The point was driven home in England last year, when Goldman's international adviser, sounding exactly like a character in Atlas Shrugged, told an audience at St Paul's Cathedral that "The injunction of Jesus to love others as ourselves is an endorsement of self-interest". A few weeks later, Goldman CEO Lloyd Blankfein told the Times that he was doing "God's work".
Even if he stands to make a buck at it, even your average used-car salesman won't sell some working father a car with wobbly brakes, then buy life insurance policies on that customer and his kids. But this is done almost as a matter of routine in the financial services industry, where the attitude after the inevitable pileup would be that that family was dumb for getting into the car in the first place. Caveat emptor, dude!
People have to understand this Randian mindset is now ingrained in the American character. You have to live here to see it. There's a hatred toward "moochers" and "parasites" – the Tea Party movement, which is mainly a bunch of pissed off suburban white people whining about minorities consuming social services, describes the battle as being between "water-carriers" and "water-drinkers". And regulation of any kind is deeply resisted, even after a disaster as sweeping as the 2008 crash.
This debate is going to be crystallised in the Goldman case. Much of America is going to reflexively insist that Goldman's only crime was being smarter and better at making money than IKB and ABN-Amro, and that the intrusive, meddling government (in the American narrative, always the bad guy!) should get off Goldman's Armani-clad back.
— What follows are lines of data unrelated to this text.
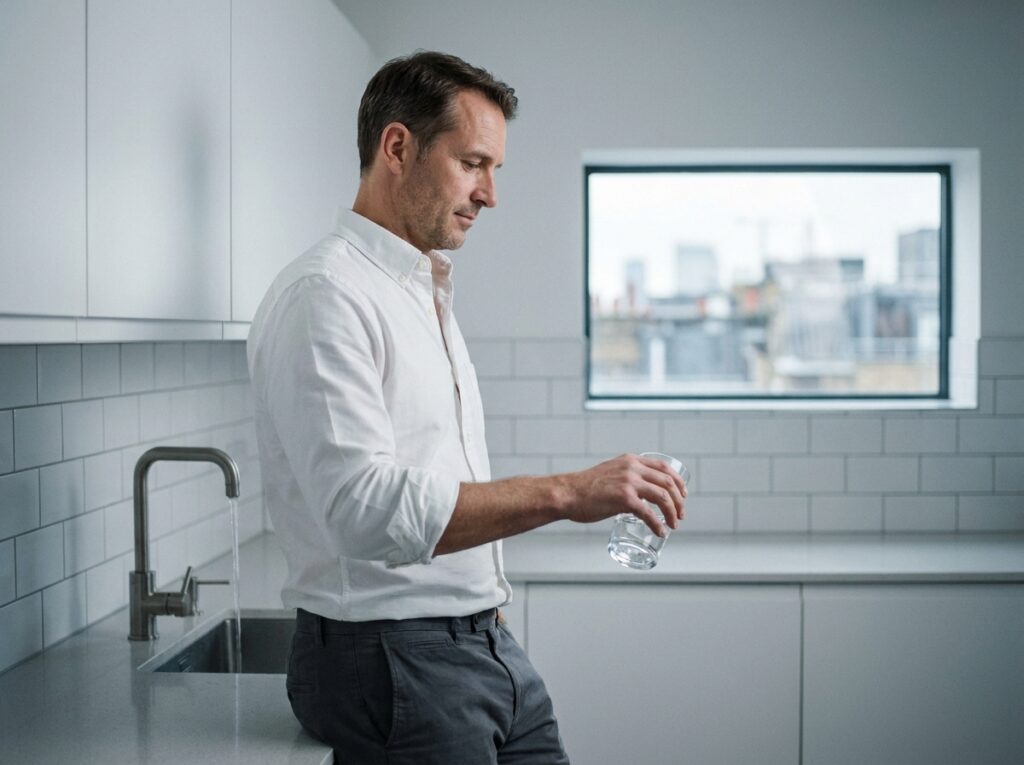 Homme se servant un verre d'eau à une fontaine encastrée dans la kitchenette d'un bureau moderne
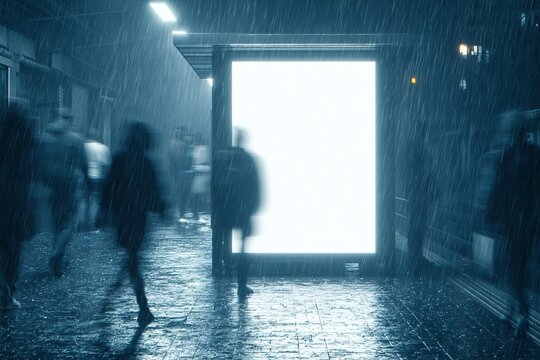 Pedestrians walking bus stop rainy night urban street city commuters blurry motion evening weather downpour illuminated billboard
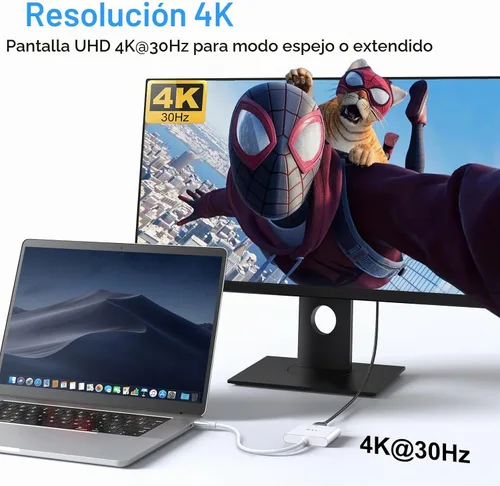 Vista 3 de Adaptador USB C a HDMI,Adaptador USB-C Hub Multipuerto Digital AV Convertidor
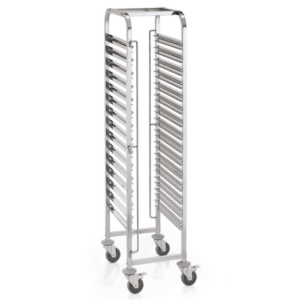 Was Germany Regalwagen CANTINA GN 1/1 für 15 Behälter/30 Tabletts, 55 x 38 x 171 cm, Chromnickelstahl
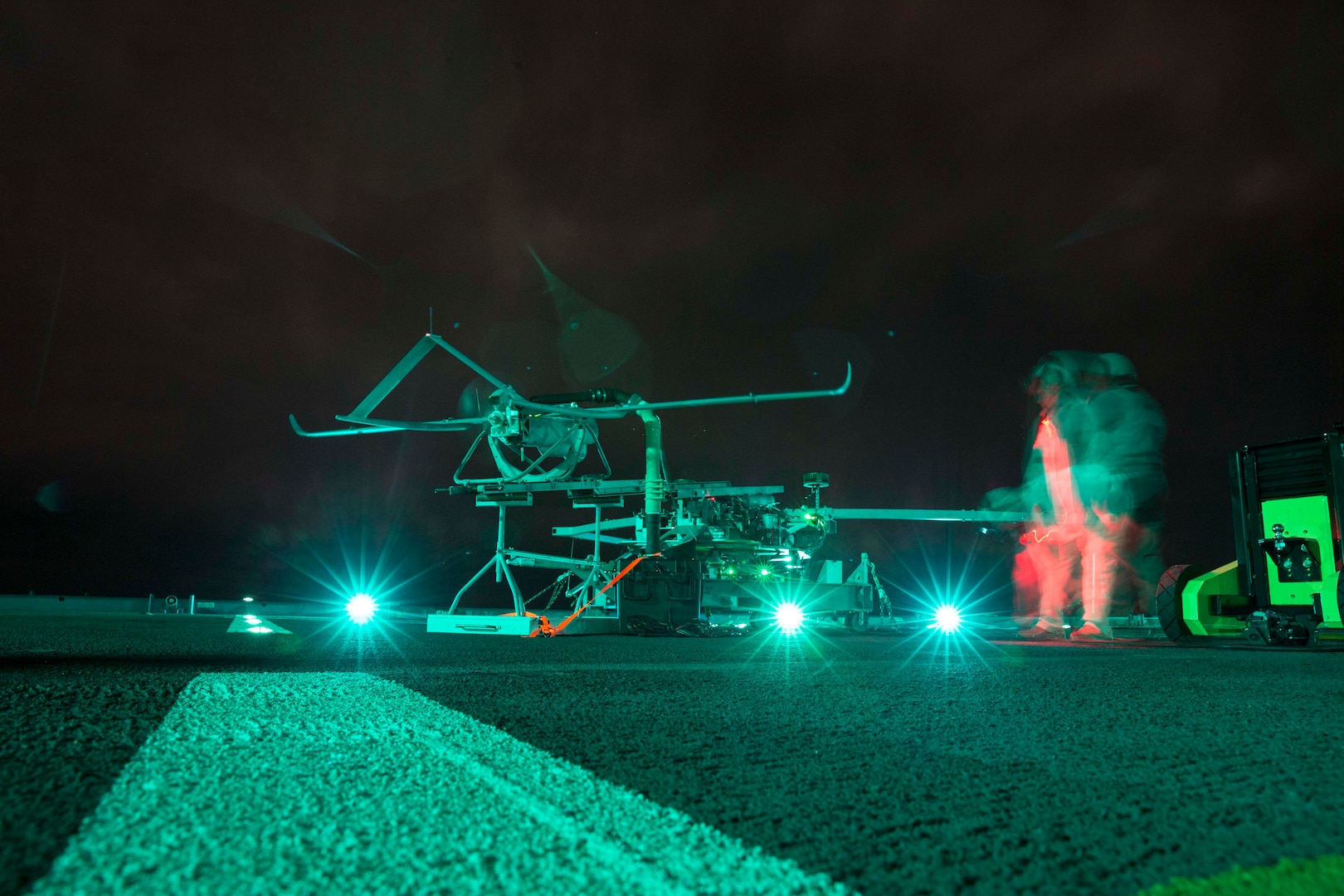 A drone is prepared for takeoff.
Another side is going to argue that Goldman winning this case would be a rebuke to the whole idea of civilisation – which, after all, is really just a collective decision by all of us not to screw each other over even when we can. It's an important moment in the history of modern global capitalism: whether or not to move forward into a world of greed without limits.
θέλημα is the will of a god, alright, but one suspects the sophisticated Mr. Blankfein, like the rest of his bank$ter cronies, is totally clueless about exactly which side of the Force he serves.